本発明は、非癌細胞上よりも新生物(癌)細胞上に豊富なレクチン群の細胞受容体の単離および同定に基づく。受容体(「RBP」)は、ラムノースに結合してインターナリゼーションするように構成されているので、有益な診断ツールおよび治療ツールに相当する。
a)分子量が約65〜70kDa、より好ましくは66〜69kDaであることと、
b)pIが10より大きくまたは3未満であることと、
c)ソラマルギンのラムノース部分に結合する場合、解離定数が約1.5×10-6であることと、
d)実施例1に記載の条件下で、実施例1にしたがって調製したラムノースアフィニティカラムに結合するように構成されていることと、
e)100mMラムノース溶液を使用して実施例1に記載のカラムから溶離するように構成されていることと、
f)水溶液に不溶であることと、
g)約2%を超える界面活性剤を含む高度に変性された緩衝液に溶解することと
を有する単離されたRBPを提供する。
本発明のRBPを、RBPと相互作用する(例えば、結合する)化合物を同定するためのアッセイで使用することができる。

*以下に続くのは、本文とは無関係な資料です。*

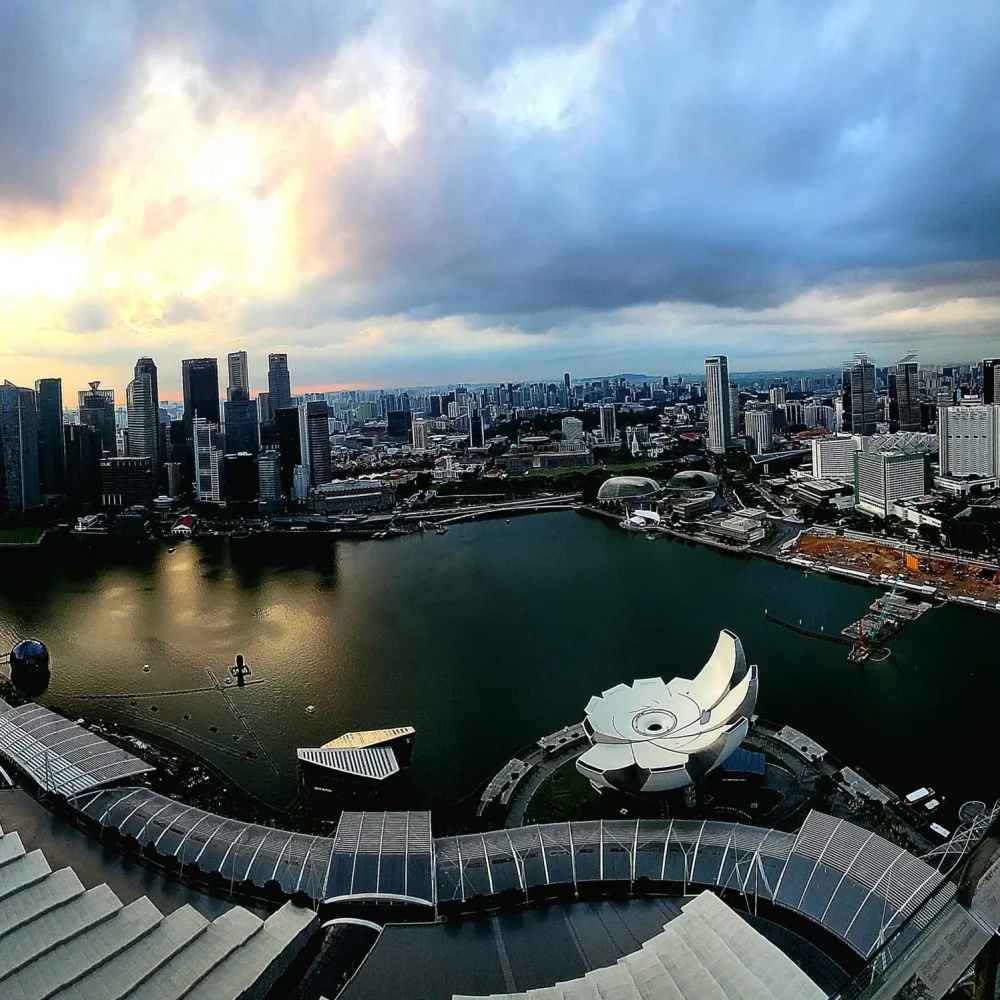 singapore bay skyline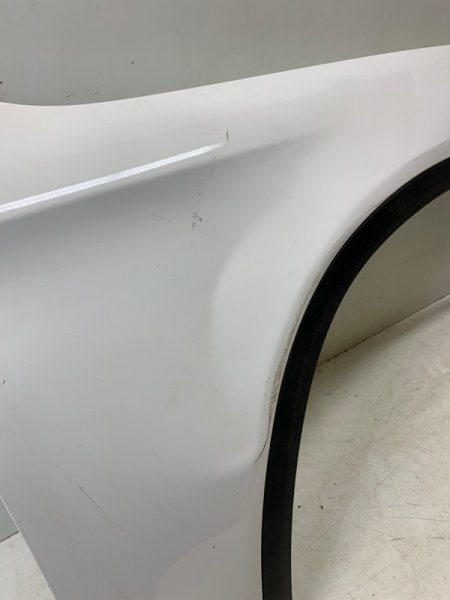 Крыло переднее правое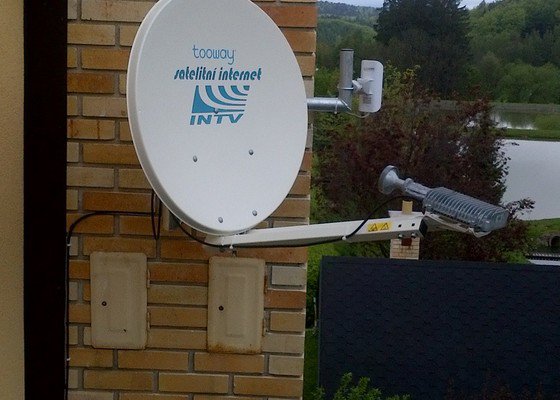 Montáž satelitního internetu včetně pokrytí budov wifi signálem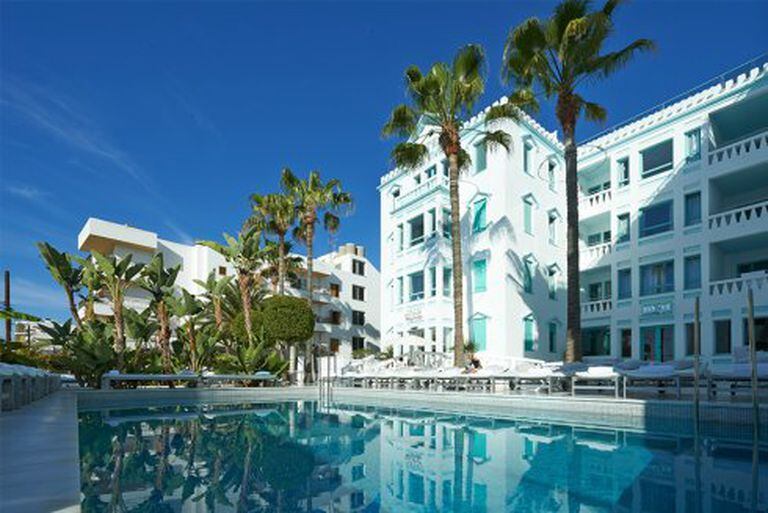 Este hotel se encuentra en el centro de Ibiza, a 50 metros de la playa de Figueretas.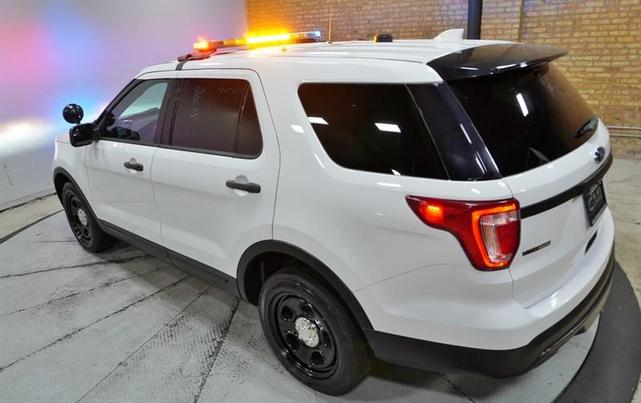 Photo of 2017 White Ford Utility Police Interceptor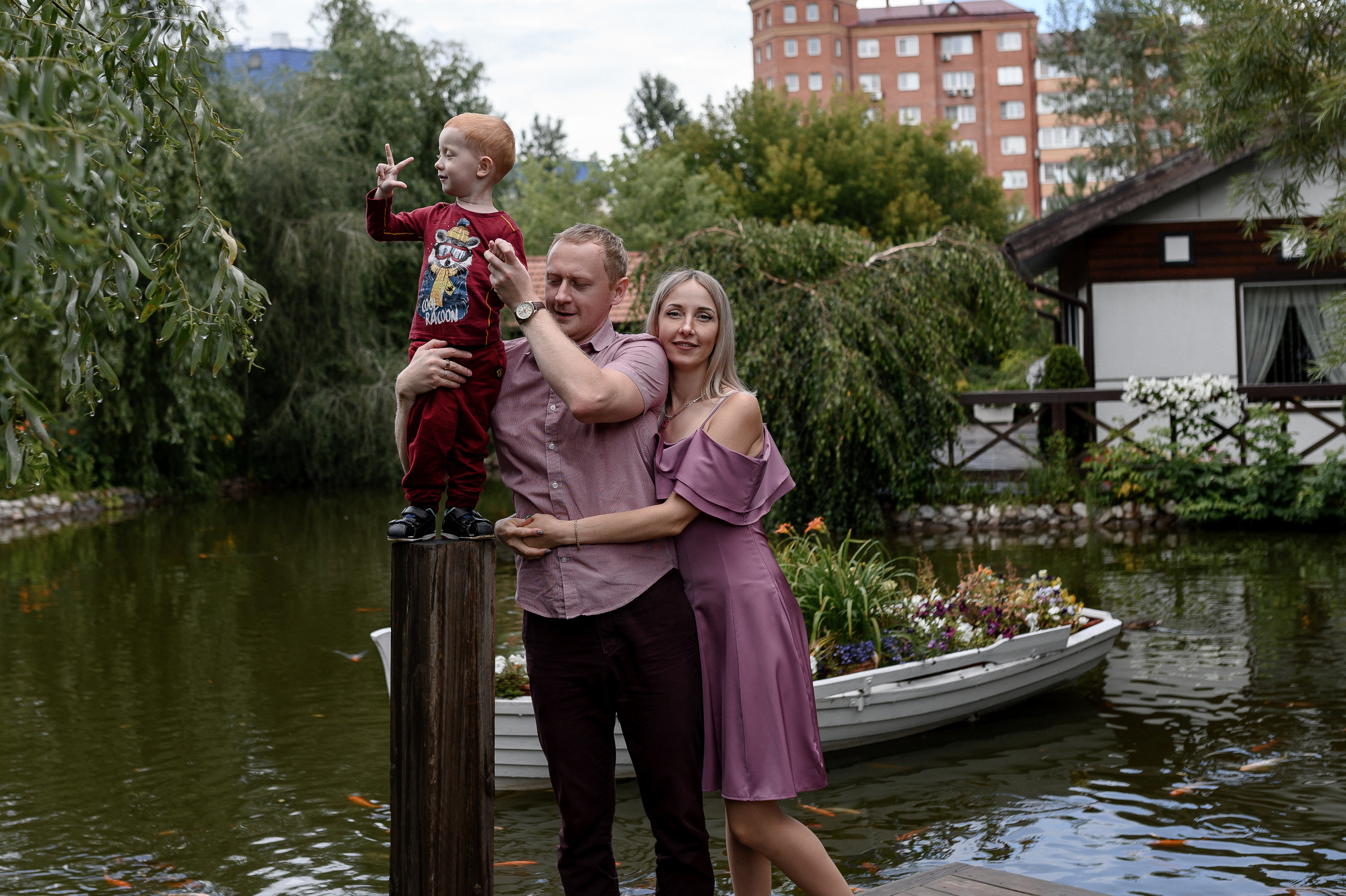 Прогулка в Садах Мечты. Свадебный и семейный фотограф в Красноярске Виктория Тимонина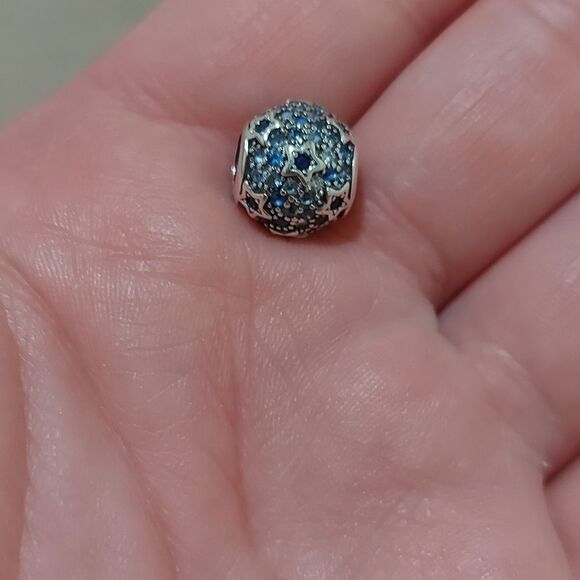 925 Sterling Silver Stars Charm - Picture 3 of 10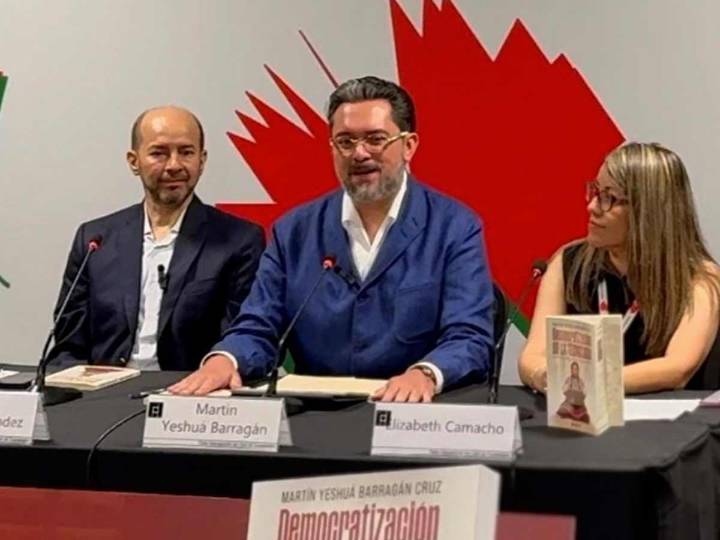 “Democratización de la Tecnología” inspira debate en la FIL Guadalajara sobre la brecha digital en México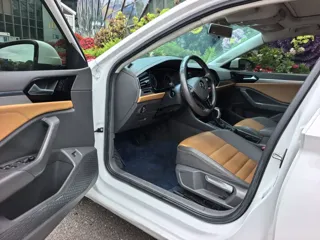 Volkswagen Sagitar 2019 купить из Китая, цена 1 403 000 ₽ — Suifenhe Auto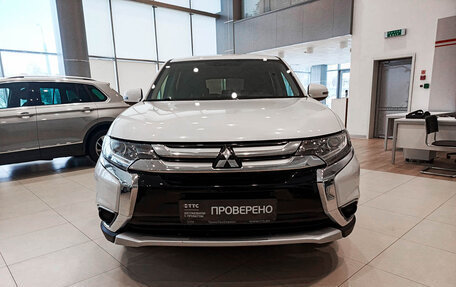 Mitsubishi Outlander III рестайлинг 3, 2017 год, 2 247 000 рублей, 2 фотография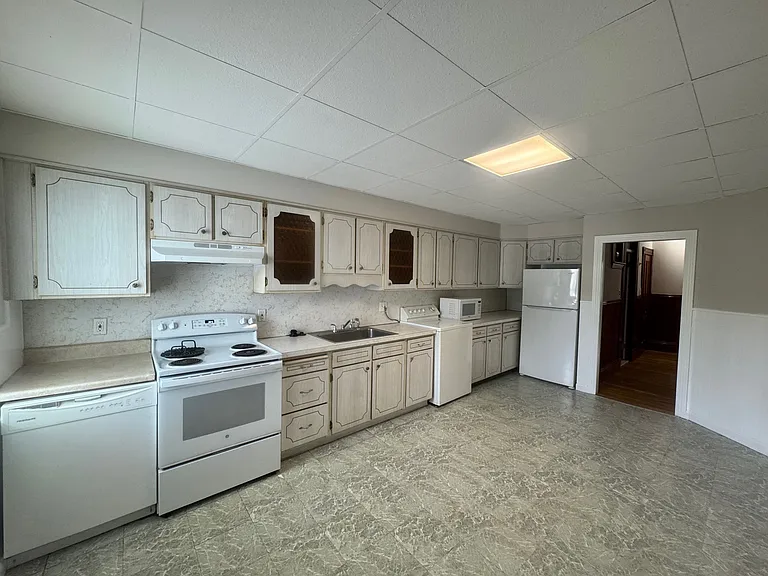795 Cambridge St #2 — Photo 5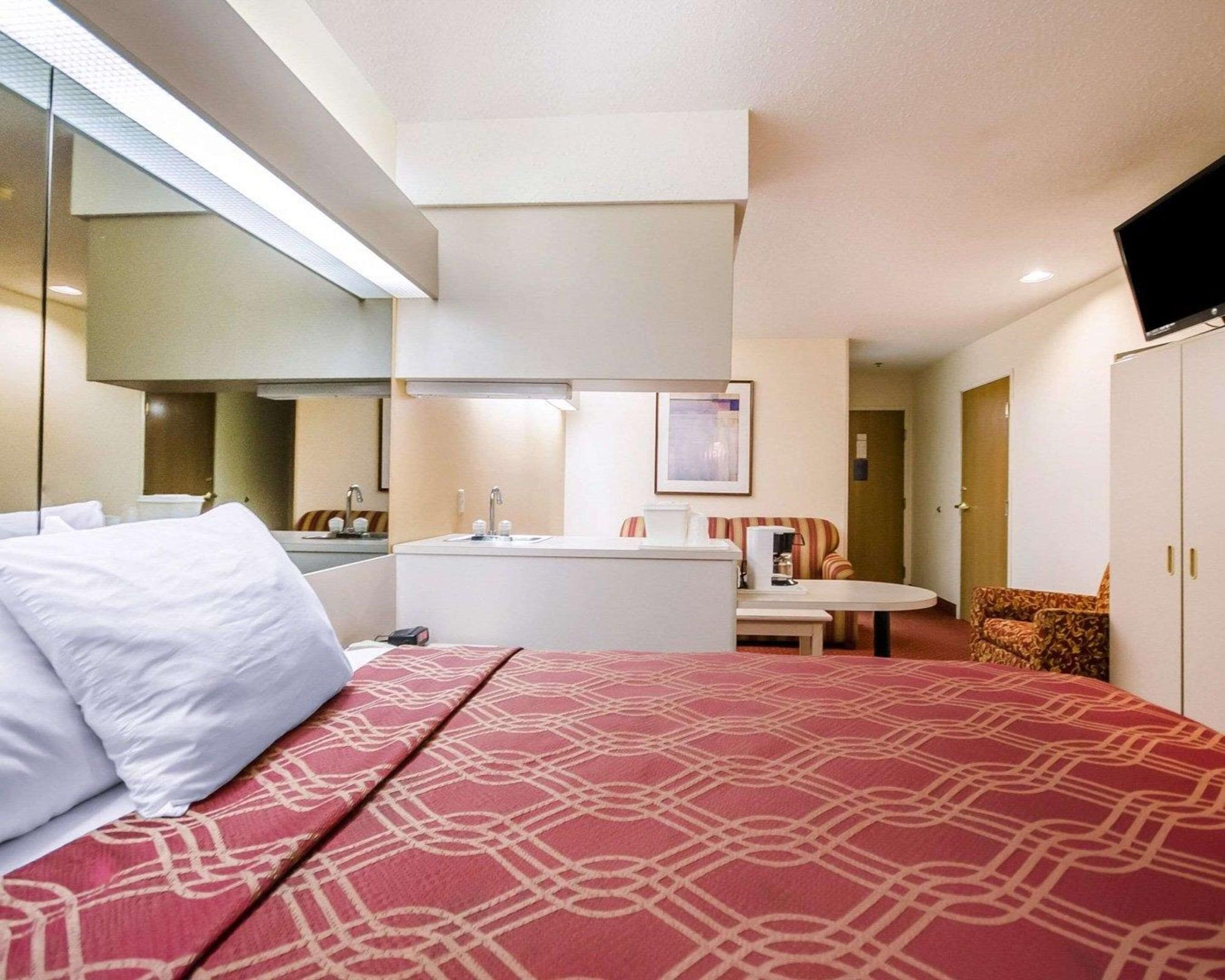Econo Lodge Inn & Suites Evansville Stevenson Εξωτερικό φωτογραφία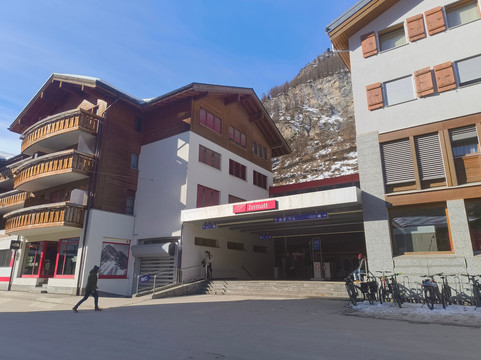 Bahnhofstrasse-策马特必去景点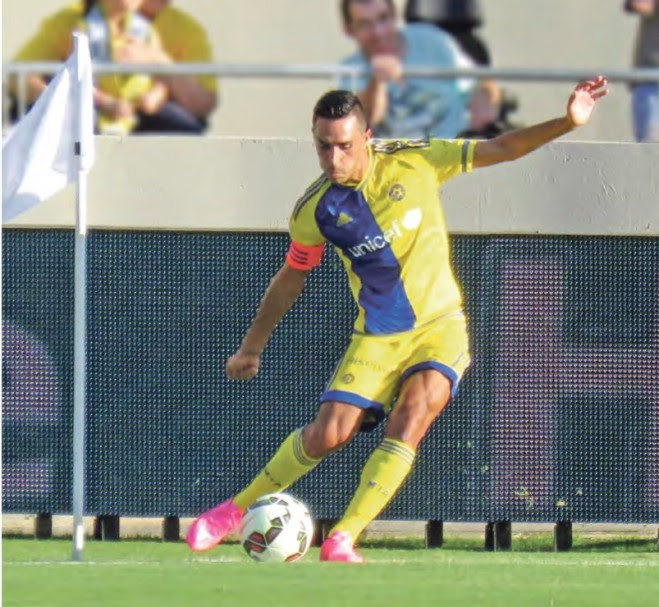Check spelling or type a new query. Eran Zahavi Ein Israeli Mischt Den Chinesischen Fussball Auf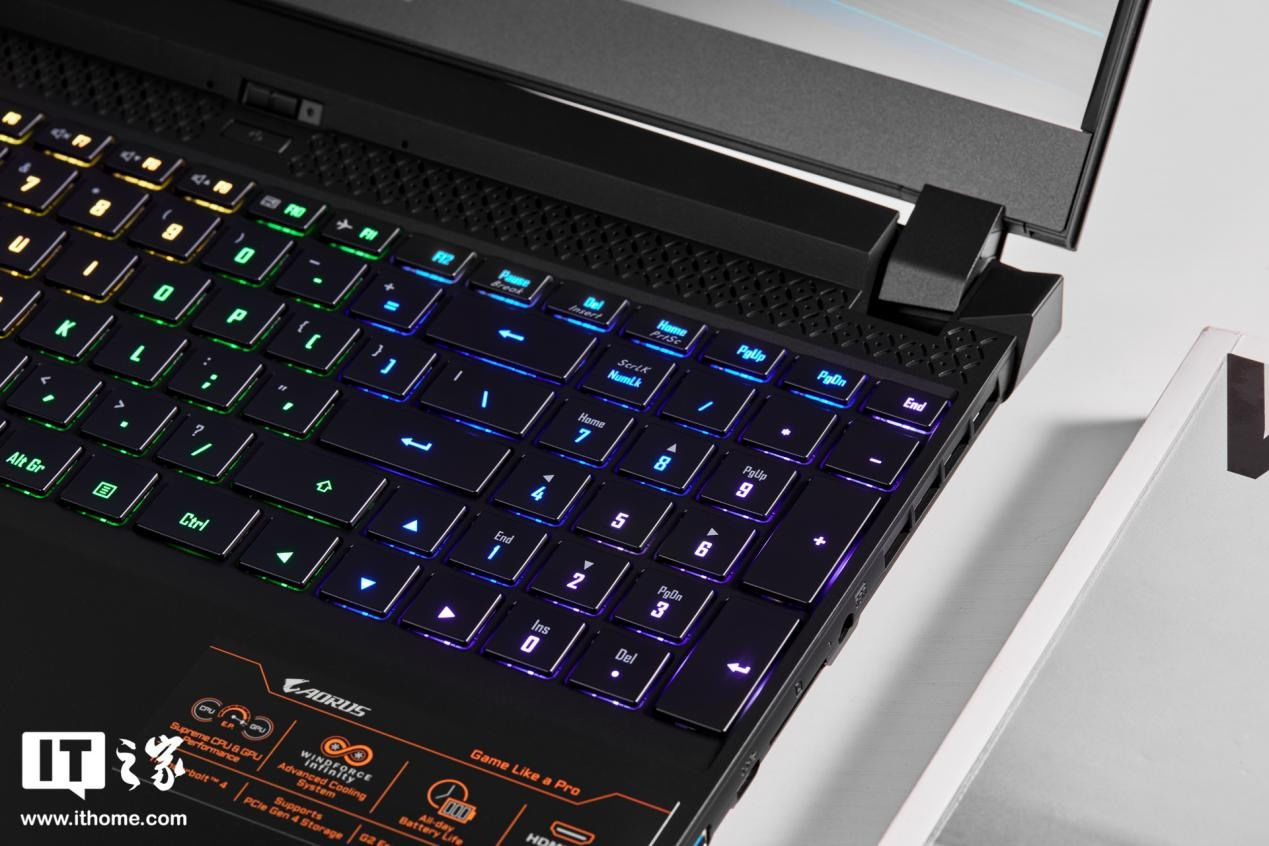 AORUS 15P XD 游戏本评测：300Hz 高刷，电竞级性能释放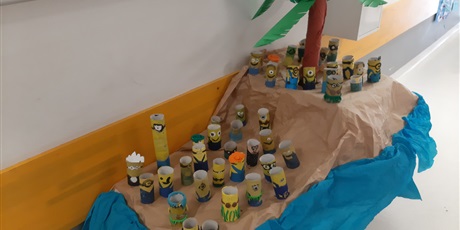 Powiększ grafikę: Praca plastyczna "Wyspa Minionków" wykonana przez uczniów klasy 2d.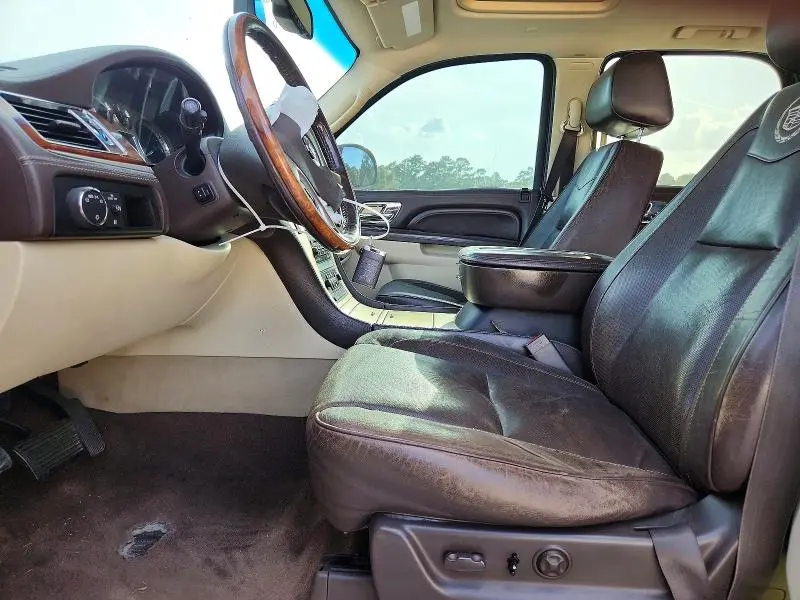 2011 CADILLAC ESCALADE PLATINUM  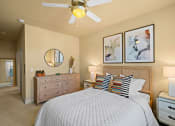 Thumbnail 25 of 30 - Quinn Crossing ceiling fan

本発明のRBPまたはそのアゴニストを、癌の診断および予後評価に使用することができる。このような方法には、例えば、本明細書中に記載の抗体などの試薬を使用することができる。特に、このような試薬を使用して、例えば、正常な細胞と比較したRBPの過多を検出することができる。
本発明のアゴニストのRBPに結合して標的細胞中にインターナリゼーションする能力は、癌細胞などのRBP負荷の高い細胞への薬剤の優先的送達に有用である。
本発明はまた、本発明のアゴニストおよび薬学的に許容可能なキャリアを含む薬学的組成物または獣医学的組成物を意図する。好ましくは、組成物は、グリコシドなどの細胞死を引き起こすように構成された薬剤をさらに含む。本発明のタンパク質薬の薬学的組成物は、非経口投与(すなわち、皮下、筋肉内、または静脈内)に特に有用である。非経口投与のための組成物は、適切なキャリア(好ましくは、水性キャリア、乳濁液)に溶解されているか許容可能なキャリア中のミセルとして処方された本発明の化合物またはその反応混液を含み得る。例えば、水、緩衝化された水、0.4%生理食塩水、0.3%グリセリンなどの種々の水性キャリアを使用することができる。これらの溶液は、滅菌され、一般に特定の物質を含まないことが好ましい。これらの溶液を、従来の周知の滅菌技術によって滅菌することができる。組成物は、pH調整剤および緩衝剤などの生理学的条件に近づけるために必要な薬学的に許容可能な補助剤をさらに含んでもよい。
本発明の薬学的組成物を、患者への局所適用に適合させることができる。
好ましい治療計画に依存して、本発明の組成物の投与に種々の局所送達系が適切であり得る。水性キャリアまたは非水性キャリアでの本発明のアゴニストの溶解または組み合わせによって局所処方物を生成することができる。一般に、組成物に導入することができ、且つ非炎症性のアゴニストまたは任意の他の有効成分と認め得るほどに反応しない任意の液体、クリーム、ゲル、または類似の物質が適切である。適切な噴霧不可能な粘性、半固体、または固体形態も使用することができ、これには、局所投与に適合し、且つ好ましくは水よりも動的粘度が高いキャリアが含まれる。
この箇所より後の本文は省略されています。